Sindacati insoddisfatti

Questa novità è emersa ieri nell’incontro tra il ministro del Lavoro, Giuliano Poletti, e i segretari generali di Cgil, Cisl e Uil. I sindacati avrebbero voluto di più: una vera e propria integrazione delle pensioni al minimo, come c’era nel sistema retributivo, cioè una pensione di garanzia per i giovani. Qui invece il beneficio (si va in pensione quattro anni prima e, se non si hanno altri redditi, si portano a casa 660 euro), rispetto alle regole attuali, riguarda solo quella fetta di lavoratori che maturerà un importo tra 1,2 e 1,5 volte l’assegno sociale. Per quelli che stanno sotto non cambia nulla: o chiedono l’assegno sociale (oggi a 65 anni e 7 mesi) se sono poveri o aspettano 4 anni e prendono quello che hanno maturato. Troppo poco per parlare di una pensione di garanzia generalizzata. In ogni caso, come ha sottolineato Poletti, le novità non scatteranno subito, riguardando chi ha cominciato a lavorare dopo il 1995. I sindacati sono insoddisfatti anche perché,dice la leader della Cgil, Susanna Camusso, il governo è stato «reticente» sul blocco dell’adeguamento dell’età pensionabile alla speranza di vita.

Nella Rita anche il Tfr

Altre novità riguardano la Rita, rendita integrativa anticipata. Due gli interventi allo studio, che potrebbero entrare nella legge di Bilancio 2018. 1) Oggi per utilizzare la Rita per andare in pensione anticipata a 63 anni bisogna avere i requisiti per l’Ape volontaria e in più cessare il rapporto di lavoro.

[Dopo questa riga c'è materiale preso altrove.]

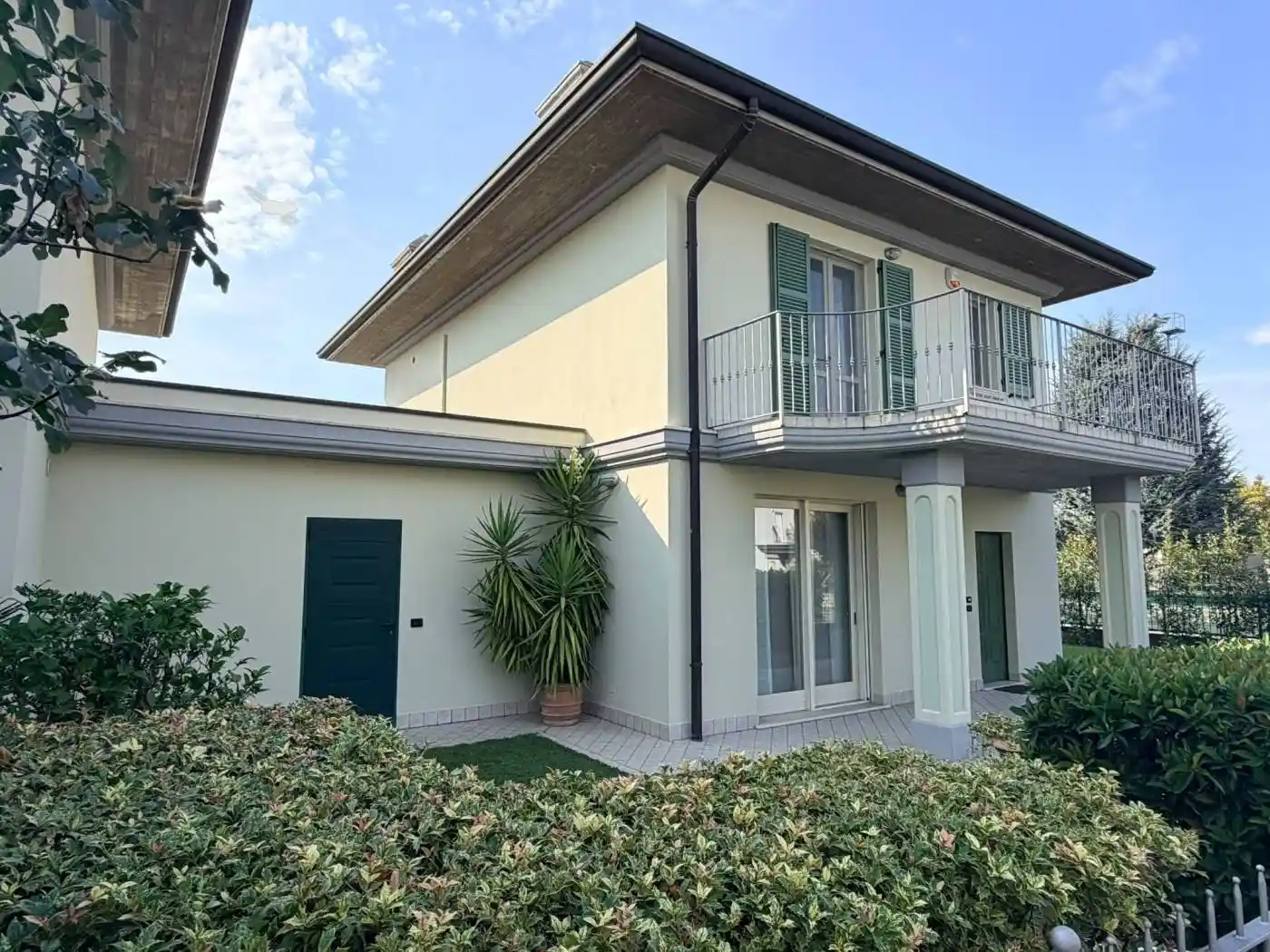 Villa in vendita a Castrezzato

Dal 2018 potrebbero invece utilizzarla tutti i lavoratori che compiono 63 anni, anche senza dare le dimissioni. 2) Si vorrebbe consentire di integrare il montante della Rita con un’eventuale incentivo all’esodo e col Tfr liquidato alla cessazione del rapporto di lavoro. Far confluire queste risorse nel fondo pensione avrebbe il vantaggio di una tassazione agevolata (tra il 15 e il 9%). Il governo sarebbe intenzionato, ma deve trovare le coperture, anche ad alleggerire il prelievo fiscale sui fondi pensione dei dipendenti pubblici.